Review of Previous Research:
There are two widely used methods of teaching: lecturing and recitation. During lecturing, the teacher presents the knowledge, and students memorize facts and procedures. Evaluation usually consists of short-answer and multiple-choice questions and teachers asking rhetorical questions. Recitation, which is closely related to evaluation, involves the teacher asking questions to determine student knowledge (initiation), listening to the answers given (response), and determining the correctness of these responses (evaluation). This is sometimes called IRE.3 As with lecturing, the teacher primarily judges students' responses and students produce answers that they think agree with teacher expectations. During recitations, teachers generally ask questions where the answers are already known.4 

At the opposite spectrum is student-generated discussions and inquiry-based learning. Students "construct knowledge with one another by asking questions and explaining their understandings. Such knowledge involves more than memorizing facts, executing procedures, or comprehending complex topics; the students often formulate key issues for consideration. During student-generated inquiry discussion, teacher questions are rare but student questions occur frequently and spontaneously."5 In this environment, students play a more active role in learning. 

The benefits of student questioning has been emphasized in the National Science Education Standards, which say, "Inquiry into authentic questions generated from student experiences is the central strategy for teaching science."6 The Benchmarks for Science Literacy and the National Science Education Standards advocate a hands-on approach to science with emphasis on inquiry based approaches.7 Teachers can assist student learning and help refine student ideas by encouraging student work in small group settings by asking such questions as, "What is your evidence for that idea? What was your observation? What might you infer from that observation? Does it make sense that .? Do we all agree that .?" 8

Both the National Science Education Standards and Benchmarks for Science Literacy also address scientific literacy and advocate science as a way to prepare youth for their future by helping them understand scientific and environmental issues facing the world. The National Science Education Standards state:

"All of us have a stake, as individuals and as a society, in scientific literacy. An understanding of science makes it possible for everyone to share in the richness and excitement of comprehending the natural world.
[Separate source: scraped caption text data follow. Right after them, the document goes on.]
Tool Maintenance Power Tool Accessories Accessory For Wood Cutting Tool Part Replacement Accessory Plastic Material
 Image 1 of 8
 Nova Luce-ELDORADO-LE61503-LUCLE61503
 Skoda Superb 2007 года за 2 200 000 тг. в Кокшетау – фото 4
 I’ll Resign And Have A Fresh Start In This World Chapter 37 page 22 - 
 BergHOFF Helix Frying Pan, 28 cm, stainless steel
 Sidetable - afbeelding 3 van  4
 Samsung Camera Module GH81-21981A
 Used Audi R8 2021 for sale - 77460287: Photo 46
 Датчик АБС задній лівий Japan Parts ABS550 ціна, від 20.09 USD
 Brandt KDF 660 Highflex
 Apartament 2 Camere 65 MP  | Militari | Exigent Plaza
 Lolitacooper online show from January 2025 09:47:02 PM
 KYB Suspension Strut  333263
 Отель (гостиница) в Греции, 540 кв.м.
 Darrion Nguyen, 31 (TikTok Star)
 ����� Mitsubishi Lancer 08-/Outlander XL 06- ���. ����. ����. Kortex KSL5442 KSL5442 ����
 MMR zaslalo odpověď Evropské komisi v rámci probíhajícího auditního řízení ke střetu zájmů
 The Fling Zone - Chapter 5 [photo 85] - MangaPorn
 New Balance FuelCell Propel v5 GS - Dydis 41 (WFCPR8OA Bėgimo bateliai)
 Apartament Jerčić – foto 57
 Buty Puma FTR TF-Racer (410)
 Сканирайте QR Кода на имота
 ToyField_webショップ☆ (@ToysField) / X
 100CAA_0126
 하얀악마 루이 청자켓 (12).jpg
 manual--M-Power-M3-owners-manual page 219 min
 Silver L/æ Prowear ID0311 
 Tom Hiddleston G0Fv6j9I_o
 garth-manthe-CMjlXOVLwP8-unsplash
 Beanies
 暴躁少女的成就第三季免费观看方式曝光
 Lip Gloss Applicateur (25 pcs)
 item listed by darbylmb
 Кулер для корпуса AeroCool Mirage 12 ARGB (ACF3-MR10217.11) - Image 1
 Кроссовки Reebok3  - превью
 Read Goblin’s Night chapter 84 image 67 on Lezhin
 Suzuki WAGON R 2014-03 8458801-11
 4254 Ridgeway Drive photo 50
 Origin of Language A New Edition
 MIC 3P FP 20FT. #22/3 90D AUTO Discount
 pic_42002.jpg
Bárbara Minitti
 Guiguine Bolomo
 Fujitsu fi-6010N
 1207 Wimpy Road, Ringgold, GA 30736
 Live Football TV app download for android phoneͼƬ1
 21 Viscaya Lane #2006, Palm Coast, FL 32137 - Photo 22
Scientific literacy enables people to use scientific principles and processes in making personal decisions and to participate in discussions of scientific issues that affect society. A sound grounding in science strengthens many of the skills that people use every day, like solving problems creatively, thinking critically, working cooperatively in teams, using technology effectively, and valuing life-long learning. And the economic productivity of our society is tightly linked to the scientific and technological skills of our work force." 9

Therefore, the purpose of science, according to the National Science Education Standards is multifold. John Wright concludes, "In both set of standards, a central strategy for attaining literacy is to engage students in meaningful inquiry, including experiments requiring inquiry over extended period of time, so students experience the highs and lows of success and failure that characterize authentic problem solving.Inquiry, which is central to the process of reification, is a central feature of the standards." 10 

The Benchmarks (AAAs, 1993) and the National Science Education Standards both emphasize professional development, economic support, and teacher input as necessary for a real change to occur in the teaching of science and the fulfillment of the national standards. Often, the standards require experiences and knowledge that has not been part of administrator's or teacher's backgrounds as students or professionals.11 The standards require teachers to experience and master the same skills and attitudes needed by the students for authentic inquiry learning. 12

I used the concepts I drew from the standards and benchmarks, such as encouraging student inquiry, using student generated discussions, encouraging scientific literacy, and supporting teacher development, in my teaching and action research.

Action Research Tools
I obtained data from videotapes of small group settings and whole class settings, student journals, parent surveys, teacher observations, five student case studies, and poetry students wrote about science.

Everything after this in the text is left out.